Meski menurut saya pemberian penghargaan ini juga salah.
Hal ini dikarenakan perusahaannya PT Adaro Energy yang bergerak dibidang penambangan batu bara, menutup salah satu site tambangnya dan menanami kembali, inipun mereka lakukan setelah mendapat raport merah dari KLH.
Jadi setelah merusak alam, mengeruk hasilnya sebanyak-banyaknya, kemudian setelah hasilnya habis, ditutup dan ditanami kembali itu termasuk memperjuangkan terhadap lingkungan hidup.
Lah wong isinya sudah dikeruk habis, jadi mengembalikan ekosistem-nya adalah wajib, tidak perlu penghargaan sebenarnya.
Saya jadi berfikir, bahwa di Indonesia itu logika pelestarian lingkungan hidup sudah ngawur dan keblinger.
Kasus lain adalah penghargaan Kalpataru yang diterima oleh pengusaha Hashim Joyohadikusumo pada tahun 2014 lalu.
Beliau mendapat HPH sebanyak 27.000 hektar melalui PT. Tidar Kerinci Agung. Kemudian dari lahan seluas itu, 2.400 hektar beliau jadikan wilayah konservasi.

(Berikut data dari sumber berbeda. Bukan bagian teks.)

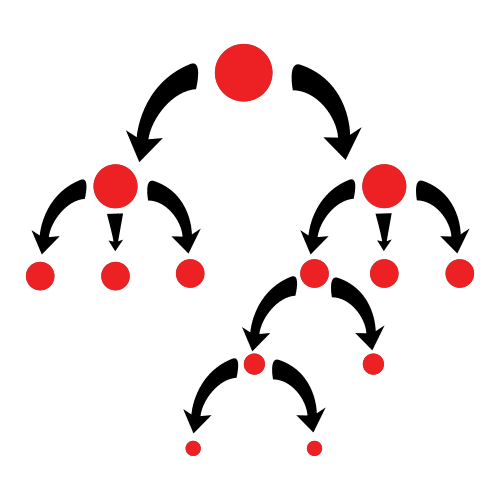 Pictograma Mapa conceptual Personas TEA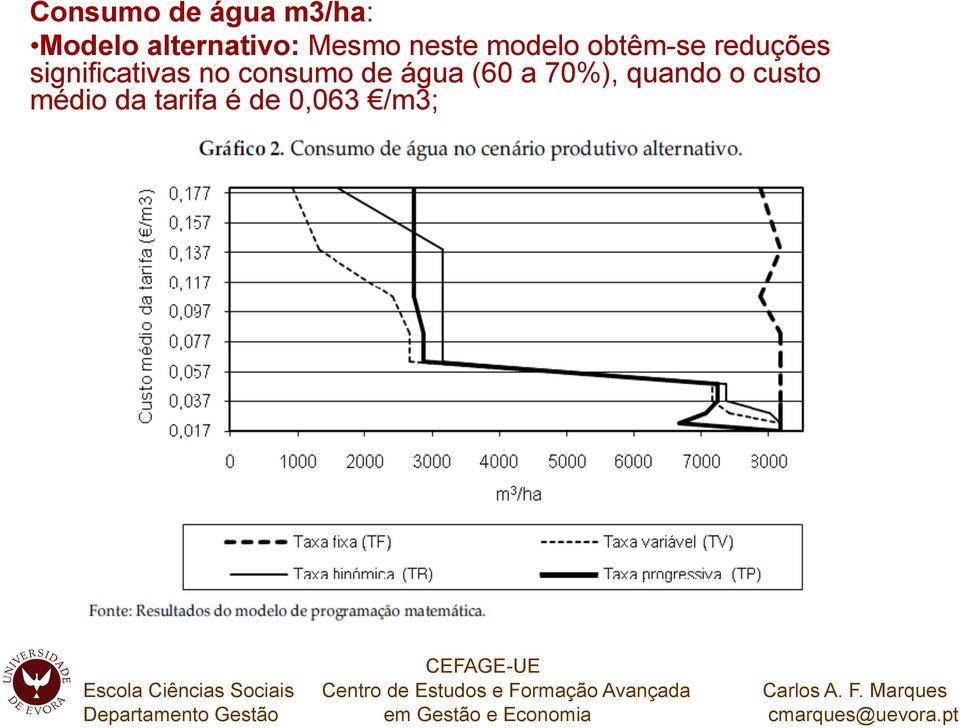 significativas no consumo de água (60 a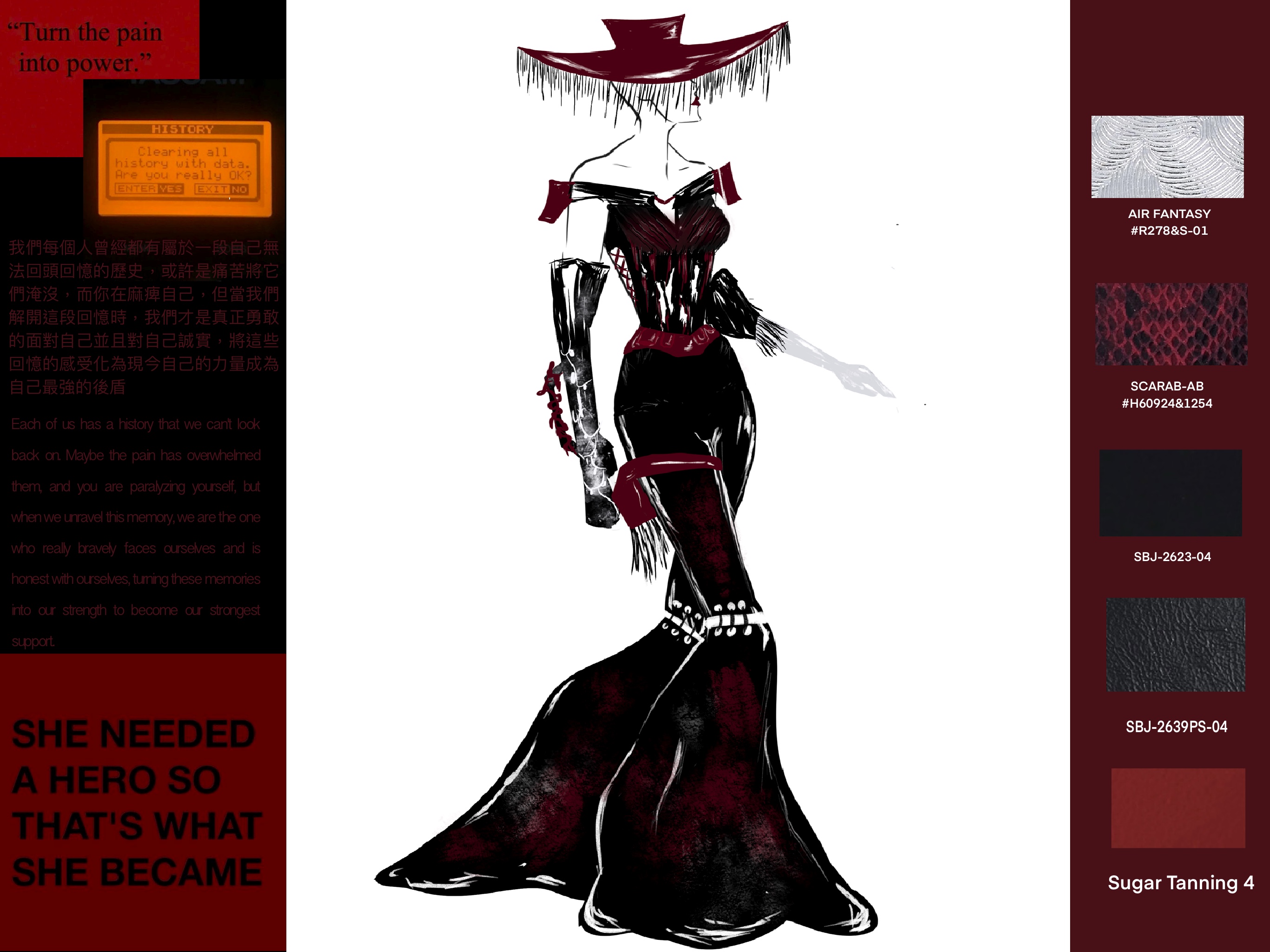 User ShihHsien project image two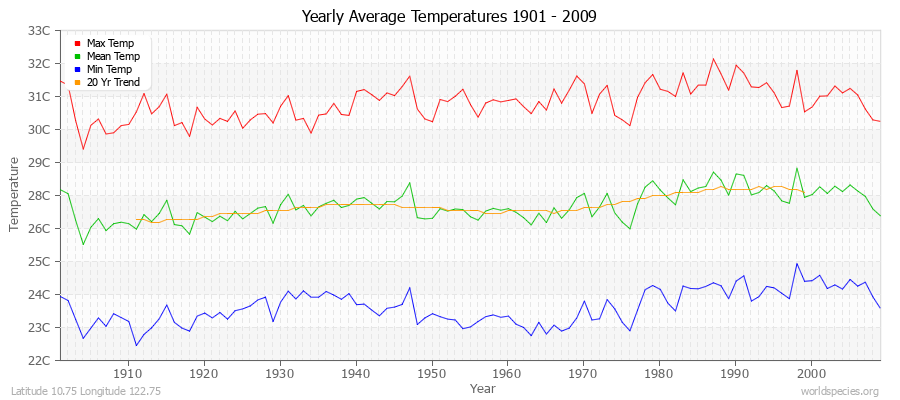 Yearly Average Temperatures 2010 - 2009 (Metric) Latitude 10.75 Longitude 122.75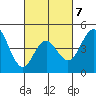 National City tide chart for Saturday, March 7, 2026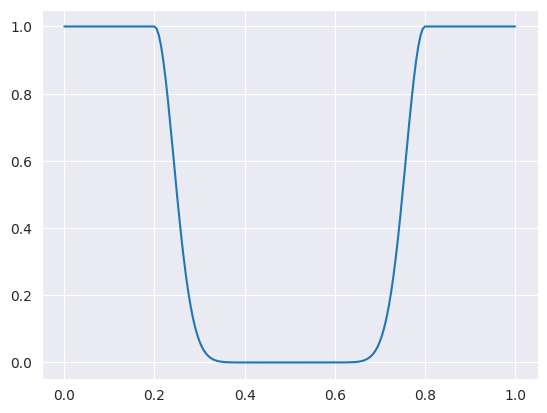 ../_images/usage_built-in-time-functions_16_0.png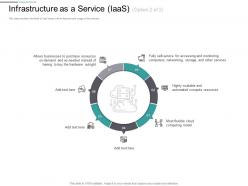 Infrastructure As A Service IaaS As Needed Ppt Powerpoint Presentation Portfolio Files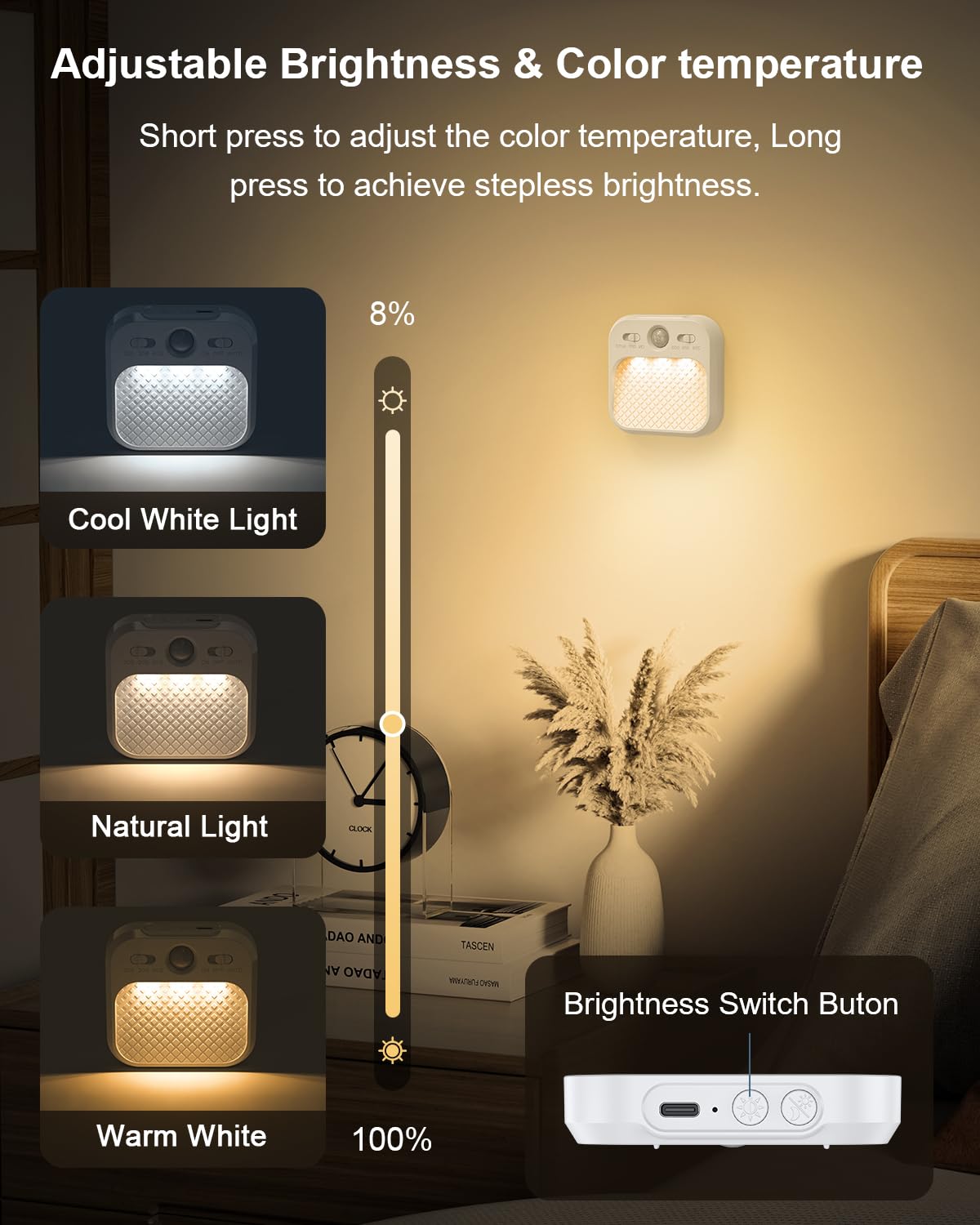 LOFICOPER Motion Sensor Night Light, Rechargeable Night Light, Stick-On Night Light with Removable Magnetic Strip - Image 3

Ini artinya beliau merusak hutan HPH beliau sebanyak 91,1% atau sebanyak 24.600 hektar, dan melestarikan 8,9%. Lah orang yang merusak hutan Indonesia sebanyak itu malah dapat penghargaan Kalpataru. Tentunya ini tanda tanya besar ???
Tidak heran sebenarnya jika kredibilitas pernghargaan Kalpataru kemudian dipertanyakan.
Bahkan banyak pelestari lingkungan hidup yang kemudian mengembalikan penghargaan Kalpataru yang mereka peroleh, diantaranya Marandus Sirait dan Hasoloan Manik. Mereka malu, karena penghargaan tersebut tidak sejalan dengan idealisme mereka.
Bumi itu adalah ibu kita, memeliharanya adalah kewajiban kita, tidak perlu penghargaan ba bi bu ...... yang akhirnya hanya merusak kesakralan kewajiban tersebut.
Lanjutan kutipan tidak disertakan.